* [TASK] If a line of the records contains the word "Hotel", list it.

* [GIVEN ENTRIES]
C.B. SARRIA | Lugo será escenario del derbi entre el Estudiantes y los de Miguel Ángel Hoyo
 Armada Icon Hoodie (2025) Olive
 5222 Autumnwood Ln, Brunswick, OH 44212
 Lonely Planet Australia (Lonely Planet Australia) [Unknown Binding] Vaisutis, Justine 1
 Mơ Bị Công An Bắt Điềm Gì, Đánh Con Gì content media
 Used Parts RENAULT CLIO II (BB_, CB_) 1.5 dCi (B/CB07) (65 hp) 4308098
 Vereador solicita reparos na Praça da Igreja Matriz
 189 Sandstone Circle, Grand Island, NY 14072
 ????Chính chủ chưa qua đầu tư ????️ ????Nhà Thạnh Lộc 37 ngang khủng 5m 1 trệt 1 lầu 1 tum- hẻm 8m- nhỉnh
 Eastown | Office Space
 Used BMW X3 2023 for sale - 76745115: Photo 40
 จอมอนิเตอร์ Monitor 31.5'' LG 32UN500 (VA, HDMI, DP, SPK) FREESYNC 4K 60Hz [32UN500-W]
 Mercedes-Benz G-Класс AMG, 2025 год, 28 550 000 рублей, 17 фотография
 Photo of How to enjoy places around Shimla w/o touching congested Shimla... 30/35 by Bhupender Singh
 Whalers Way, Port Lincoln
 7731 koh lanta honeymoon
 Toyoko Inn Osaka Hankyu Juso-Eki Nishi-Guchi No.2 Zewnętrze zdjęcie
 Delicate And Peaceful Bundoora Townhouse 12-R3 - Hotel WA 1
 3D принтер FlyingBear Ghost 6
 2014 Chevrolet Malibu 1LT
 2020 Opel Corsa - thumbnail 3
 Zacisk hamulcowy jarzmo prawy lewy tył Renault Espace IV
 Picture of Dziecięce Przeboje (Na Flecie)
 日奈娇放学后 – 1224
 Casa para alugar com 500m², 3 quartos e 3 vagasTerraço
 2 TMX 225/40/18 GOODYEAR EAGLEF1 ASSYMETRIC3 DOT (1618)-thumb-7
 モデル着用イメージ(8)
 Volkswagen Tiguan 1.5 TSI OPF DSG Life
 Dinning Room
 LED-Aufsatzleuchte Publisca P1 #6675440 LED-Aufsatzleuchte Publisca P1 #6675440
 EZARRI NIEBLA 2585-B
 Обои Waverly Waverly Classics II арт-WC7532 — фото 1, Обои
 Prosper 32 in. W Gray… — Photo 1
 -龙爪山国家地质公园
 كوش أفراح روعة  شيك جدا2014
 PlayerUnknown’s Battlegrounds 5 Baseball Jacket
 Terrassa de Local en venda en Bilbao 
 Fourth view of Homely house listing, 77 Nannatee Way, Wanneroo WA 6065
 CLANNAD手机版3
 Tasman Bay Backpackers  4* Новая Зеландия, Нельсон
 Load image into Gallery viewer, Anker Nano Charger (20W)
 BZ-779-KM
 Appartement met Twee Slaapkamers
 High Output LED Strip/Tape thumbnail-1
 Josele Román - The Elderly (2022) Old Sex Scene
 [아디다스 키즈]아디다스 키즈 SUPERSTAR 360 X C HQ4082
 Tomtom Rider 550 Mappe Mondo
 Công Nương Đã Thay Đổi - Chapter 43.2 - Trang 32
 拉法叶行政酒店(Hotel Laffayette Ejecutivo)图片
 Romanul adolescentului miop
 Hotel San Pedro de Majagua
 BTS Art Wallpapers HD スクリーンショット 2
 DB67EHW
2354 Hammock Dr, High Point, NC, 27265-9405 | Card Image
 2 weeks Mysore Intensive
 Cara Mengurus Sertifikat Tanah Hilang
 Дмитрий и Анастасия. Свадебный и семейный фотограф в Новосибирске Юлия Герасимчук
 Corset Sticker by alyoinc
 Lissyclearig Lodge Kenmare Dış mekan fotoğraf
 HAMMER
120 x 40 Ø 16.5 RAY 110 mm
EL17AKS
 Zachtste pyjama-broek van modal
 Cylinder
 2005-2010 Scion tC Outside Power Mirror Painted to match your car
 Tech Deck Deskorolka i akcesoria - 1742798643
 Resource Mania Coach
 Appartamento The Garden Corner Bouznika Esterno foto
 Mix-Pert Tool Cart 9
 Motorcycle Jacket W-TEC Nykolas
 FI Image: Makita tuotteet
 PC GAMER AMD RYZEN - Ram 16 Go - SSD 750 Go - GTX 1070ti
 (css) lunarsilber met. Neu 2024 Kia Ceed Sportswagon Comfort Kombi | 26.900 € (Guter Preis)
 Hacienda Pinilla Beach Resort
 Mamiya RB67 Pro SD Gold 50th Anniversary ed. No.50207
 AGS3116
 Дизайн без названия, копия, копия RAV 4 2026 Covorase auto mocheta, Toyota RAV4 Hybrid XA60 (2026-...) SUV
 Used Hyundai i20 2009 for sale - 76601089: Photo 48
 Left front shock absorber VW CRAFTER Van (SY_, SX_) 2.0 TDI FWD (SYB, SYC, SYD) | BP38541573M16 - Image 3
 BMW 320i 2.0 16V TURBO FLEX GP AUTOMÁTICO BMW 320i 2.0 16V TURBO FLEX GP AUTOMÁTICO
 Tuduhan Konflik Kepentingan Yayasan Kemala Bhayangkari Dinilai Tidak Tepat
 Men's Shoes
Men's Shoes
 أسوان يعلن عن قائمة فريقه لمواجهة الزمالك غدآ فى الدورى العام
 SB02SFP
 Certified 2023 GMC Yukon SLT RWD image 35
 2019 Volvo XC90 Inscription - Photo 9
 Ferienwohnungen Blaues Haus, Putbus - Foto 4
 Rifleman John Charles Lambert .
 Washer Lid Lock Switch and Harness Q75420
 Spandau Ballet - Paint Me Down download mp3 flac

* [WRITTEN SOLUTION]
 Delicate And Peaceful Bundoora Townhouse 12-R3 - Hotel WA 1
 拉法叶行政酒店(Hotel Laffayette Ejecutivo)图片
 Hotel San Pedro de Majagua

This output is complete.